### What to produce
Leaving all pictures out, output exactly and only the line containing "Interieurfilter Valeo 715510" and the lines that follow it to the end of the material below.
☆ ☆ ☆ ☆ ☆ ☆ ☆
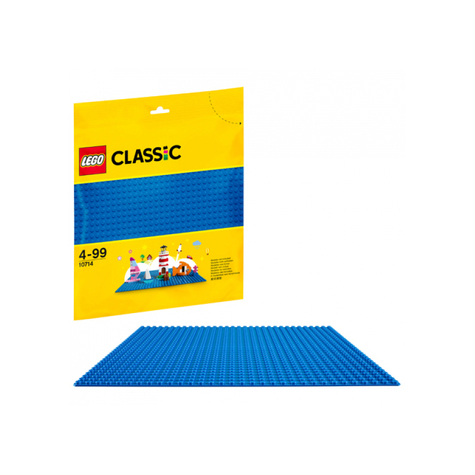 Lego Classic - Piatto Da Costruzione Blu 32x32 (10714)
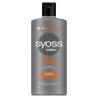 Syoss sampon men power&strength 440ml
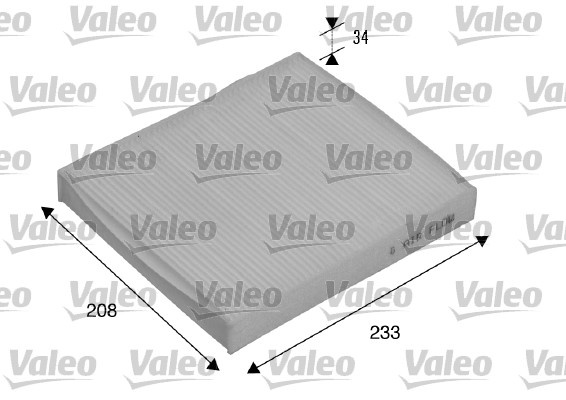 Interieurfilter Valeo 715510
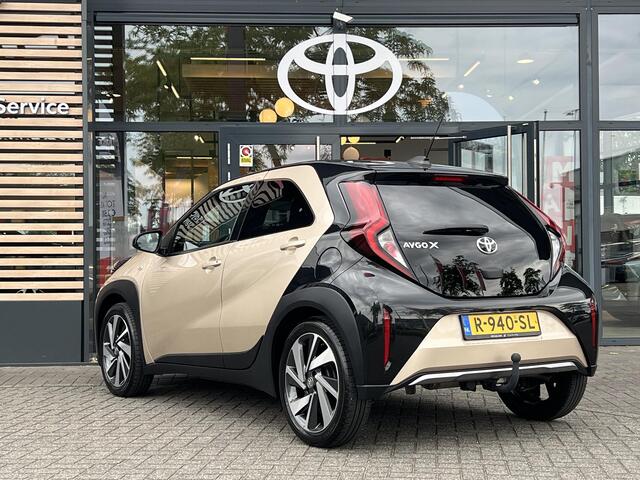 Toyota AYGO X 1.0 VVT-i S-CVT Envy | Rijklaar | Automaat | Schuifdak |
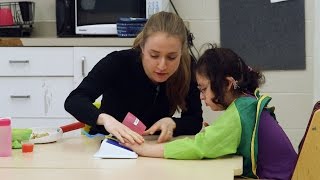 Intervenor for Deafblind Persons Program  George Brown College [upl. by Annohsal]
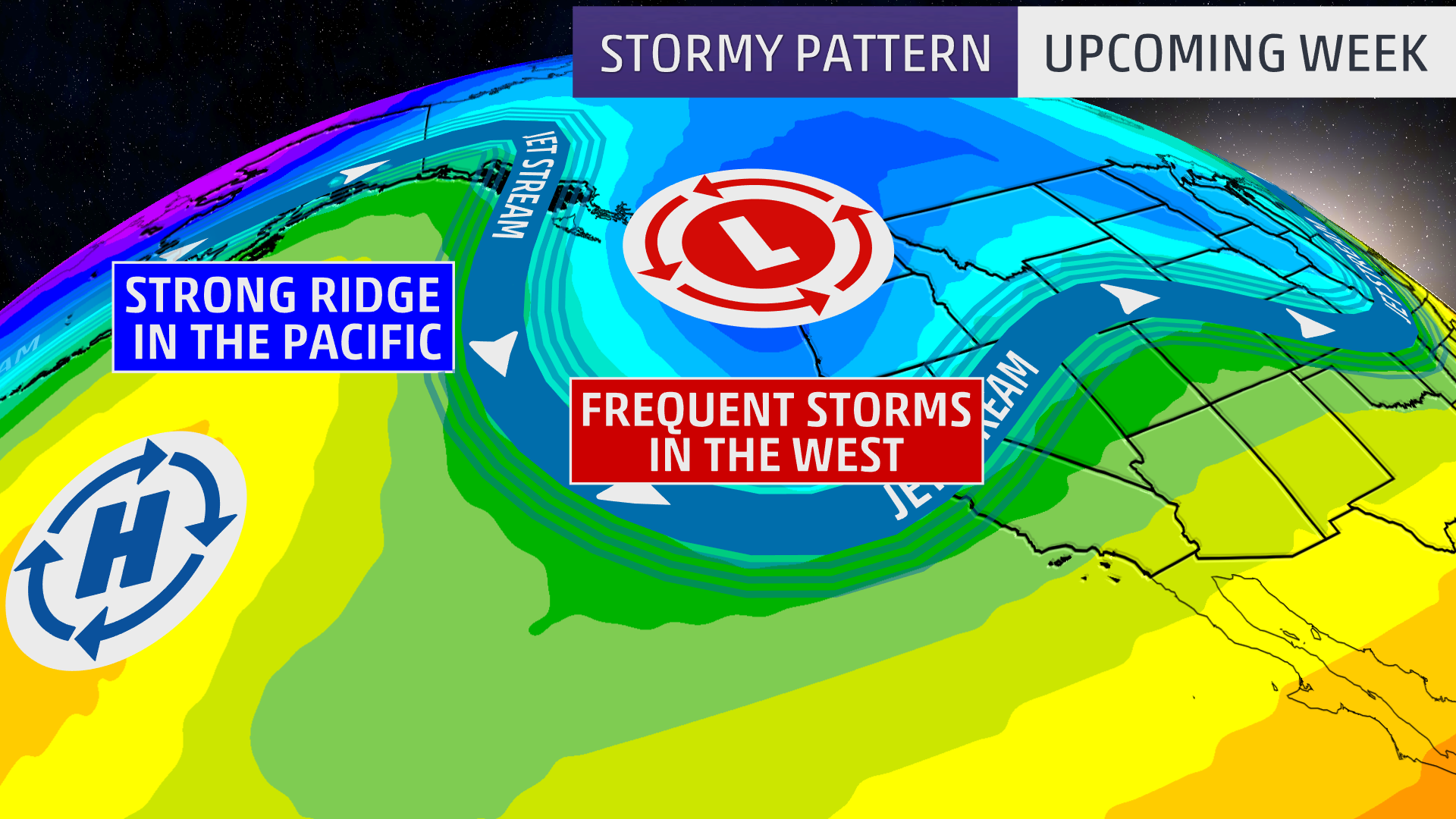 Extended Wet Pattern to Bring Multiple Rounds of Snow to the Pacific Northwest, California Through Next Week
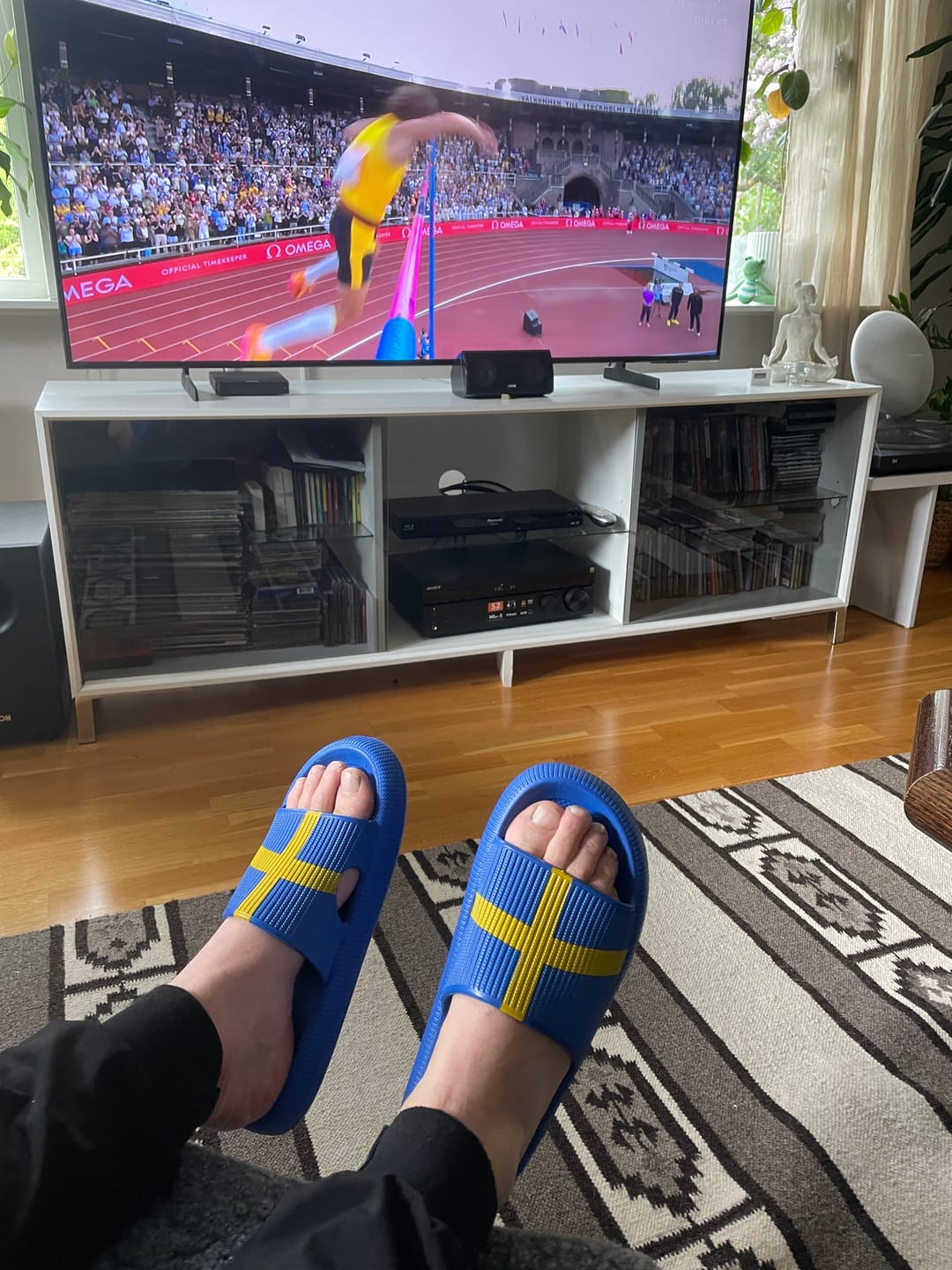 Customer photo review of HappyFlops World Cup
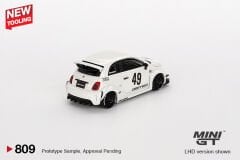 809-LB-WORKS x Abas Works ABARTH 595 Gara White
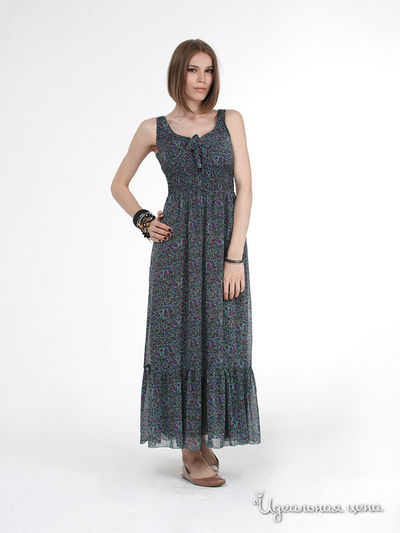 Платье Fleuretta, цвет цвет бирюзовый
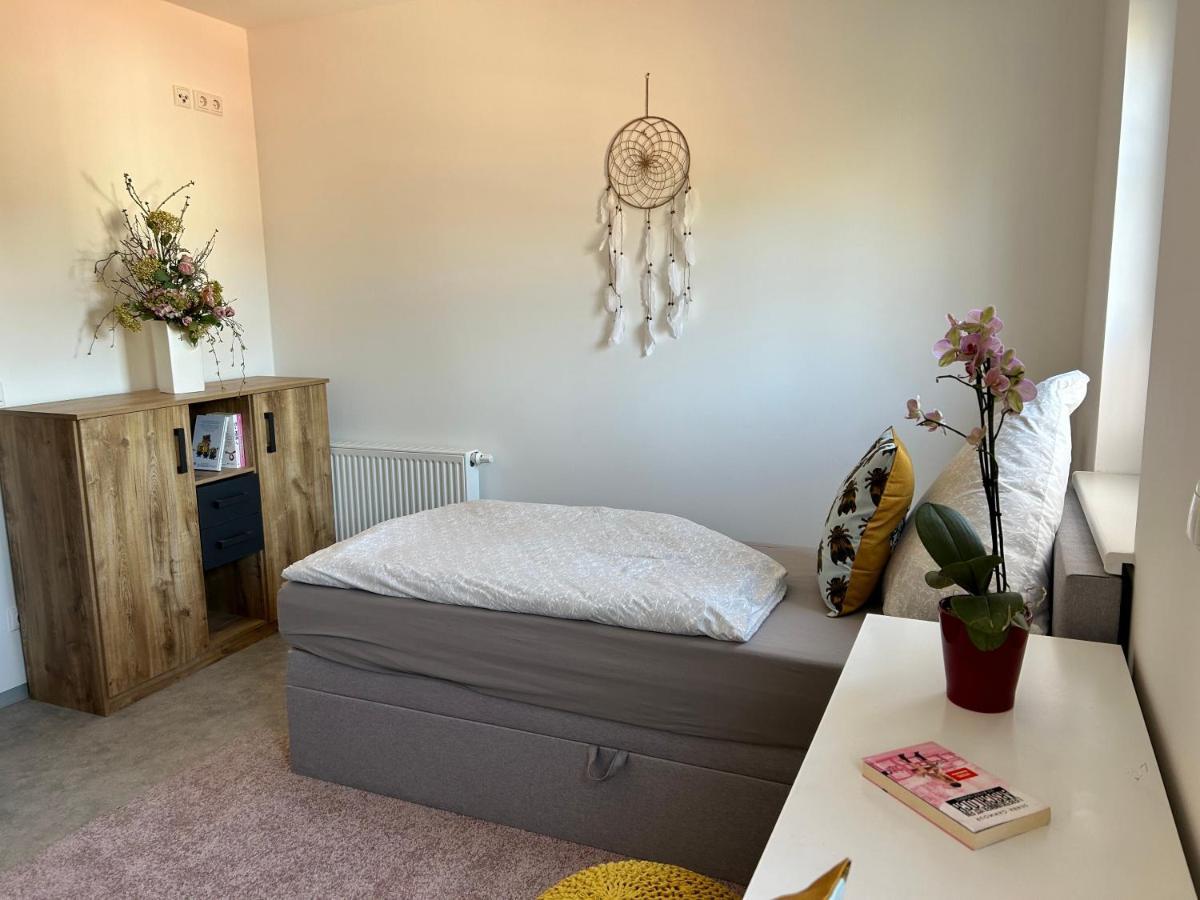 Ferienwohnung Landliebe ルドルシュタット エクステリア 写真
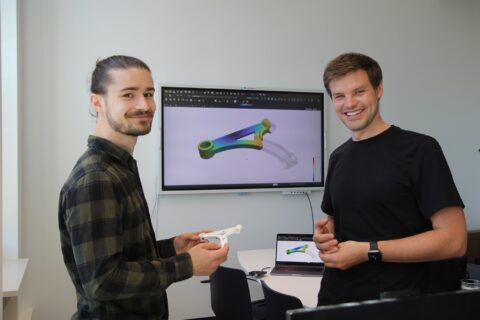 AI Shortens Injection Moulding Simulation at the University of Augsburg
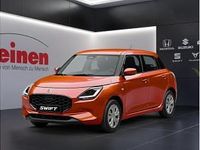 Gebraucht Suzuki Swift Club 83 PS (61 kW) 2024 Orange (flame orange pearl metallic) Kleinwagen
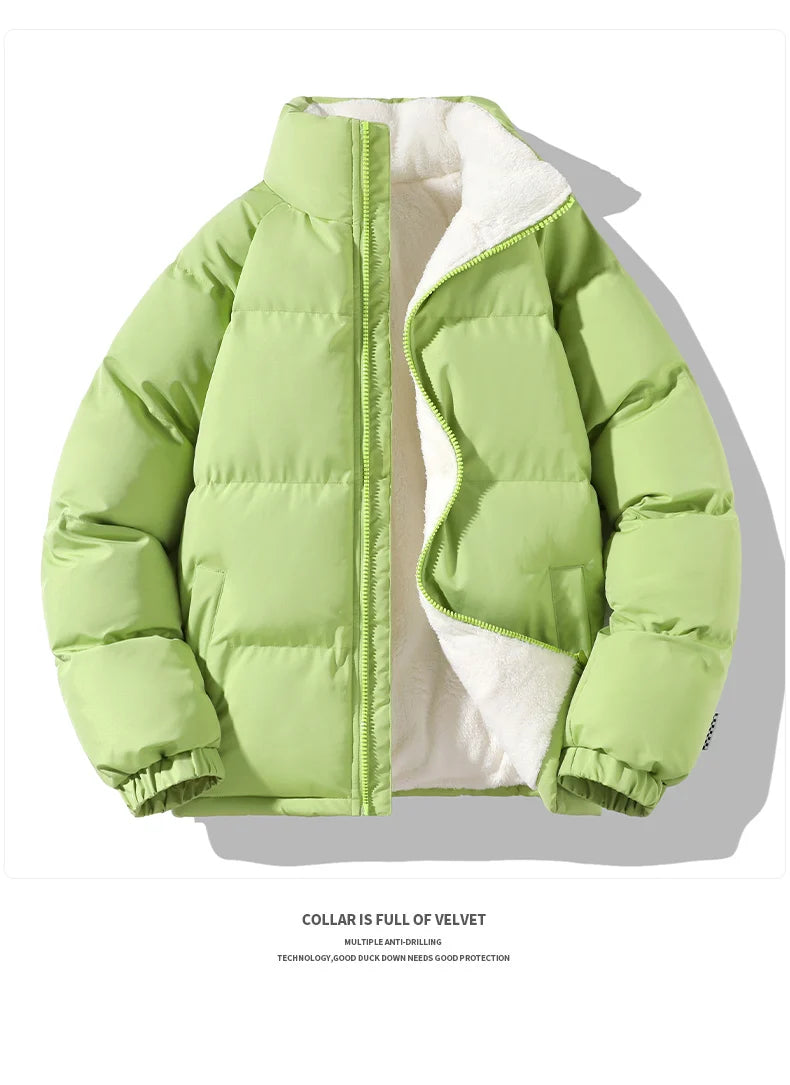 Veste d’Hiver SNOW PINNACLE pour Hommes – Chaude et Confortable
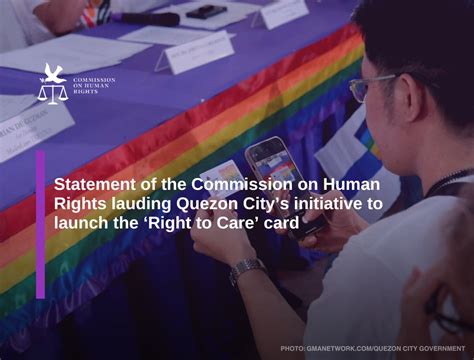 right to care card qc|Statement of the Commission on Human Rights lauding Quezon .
☆ ☆ ☆ ☆ ☆ ☆ ☆
### Result of the exercise
 Interieurfilter Valeo 715510
 Toyota AYGO X 1.0 VVT-i S-CVT Envy | Rijklaar | Automaat | Schuifdak |
 Intervenor for Deafblind Persons Program  George Brown College [upl. by Annohsal]
 Extended Wet Pattern to Bring Multiple Rounds of Snow to the Pacific Northwest, California Through Next Week
 Customer photo review of HappyFlops World Cup
 809-LB-WORKS x Abas Works ABARTH 595 Gara White
 Платье Fleuretta, цвет цвет бирюзовый
 Ferienwohnung Landliebe ルドルシュタット エクステリア 写真
 AI Shortens Injection Moulding Simulation at the University of Augsburg
 Gebraucht Suzuki Swift Club 83 PS (61 kW) 2024 Orange (flame orange pearl metallic) Kleinwagen
 Veste d’Hiver SNOW PINNACLE pour Hommes – Chaude et Confortable
 right to care card qc|Statement of the Commission on Human Rights lauding Quezon .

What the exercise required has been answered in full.